Thursday, September 4, 2014

Summer Simplicity

Since back-to-school for us was back in early August, we had already begun saying our goodbyes to summer, but for many, summer’s end just hit this week with the passing of Labor Day.  In the past few weeks, I’ve also been creating fresh notecards and workshop samples based on autumnal inspiration, so I suppose I’m fairly well prepared to welcome Fall.  Before doing so, however, I’m reflecting back on summer highlights and feeling inclined to find, no change that to make, time to preserve some of these highlights not only in my memory and in writing, but in my favorite medium of collage.  Please hold me accountable to sharing this to-be-collaged memento sometime soon!  In the meantime, I’ll devote a few posts to sharing some of my summer snapshots and experiences.
This year’s summer was somewhat low key for us.  Some of the memories I’m anticipating will leave lasting impressions are those that emerged from the simplest moments of discovery and observation.

During our June visit to Sequoia and Kings Canyon National Park, I observed several bumblebees resting atop wildflowers, the first time I’d ever seen bees in such a relaxed state of repose.  I found these napping bumblebees quite fascinating, and after researching online, I learned that this behavior can occur when bumblebees become cold, and they wait until the sun warms them before they fly again.  This behavior may also occur when a bumblebee is dying.  In July, I spotted another sleepy bumblebee in our own front yard, hugging a leaf on one of our Mayten trees.
Another Sequoia and Kings Canyon highlight was the eye-catching display of mountain wildflowers blooming prolifically and beautifully, including some varieties we’d never seen before. 

This summer’s beach walks revealed a few new and unusual sights.  We happened upon this strange and odoriferous mystery which a friend (in the know) guessed to be a whale’s throat and tongue…whoa! 

With warmer than average temperatures in our local bay, sea lettuce, a green algae, was washing ashore in heaps and mounds on Seaside Beach.  On shore, the sea lettuce created what looked like a gigantic serving of seaweed salad and off shore, a “spinach sea” was in view. 

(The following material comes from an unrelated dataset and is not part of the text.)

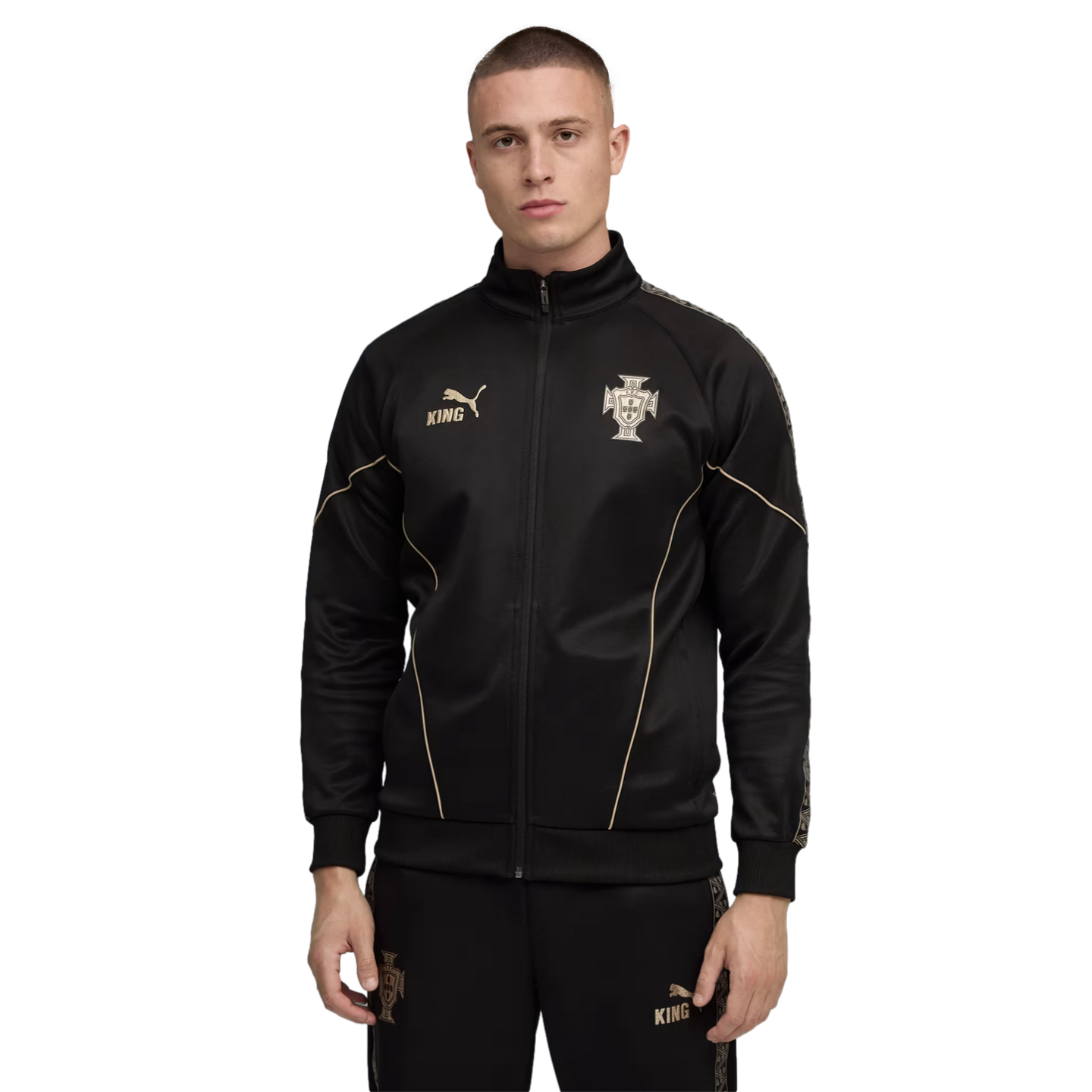 Man wearing a black Puma tracksuit with gold accents and Portugal national team crest, standing against a solid black background.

I didn’t snap a photo, but on a couple occasions, scattered along this same beach were velella vellalas (stinging nettles), no longer alive, but resembling mini Chihuly glass sculptures.

We explored hiking trails new to us on two summer visits to Mt. Madonna County Park.  Within the park resides a confined herd of white fallow deer, descendants of exotic gifts given to the cattle baron who settled there in the early 1900’s.  While we admired the handsome antlers on one of the bucks, he seemed rather intrigued by us.  We also explored the ruins of the same cattle baron’s former estate where the forest has gradually been reclaiming the land over the years.  We were pleasantly surprised by these new discoveries less than an hour’s drive from home.
Without leaving home, we also enjoyed a cast of airborne characters visiting our backyard, violet green swallows with their swift and graceful performance in the late morning and the flitter fluttery dance of bats at dusk.  Doves, starlings, juncos, sparrows, finches, flycatchers and other birds, dragonflies, butterflies, honeybees and bumblebees and a yearly visit from the June bugs for a couple weeks.
These summer experiences were low key and simple, yet will likely be some of my favorite memories of all. 
Which enjoyable memories of summer simplicity will linger with you?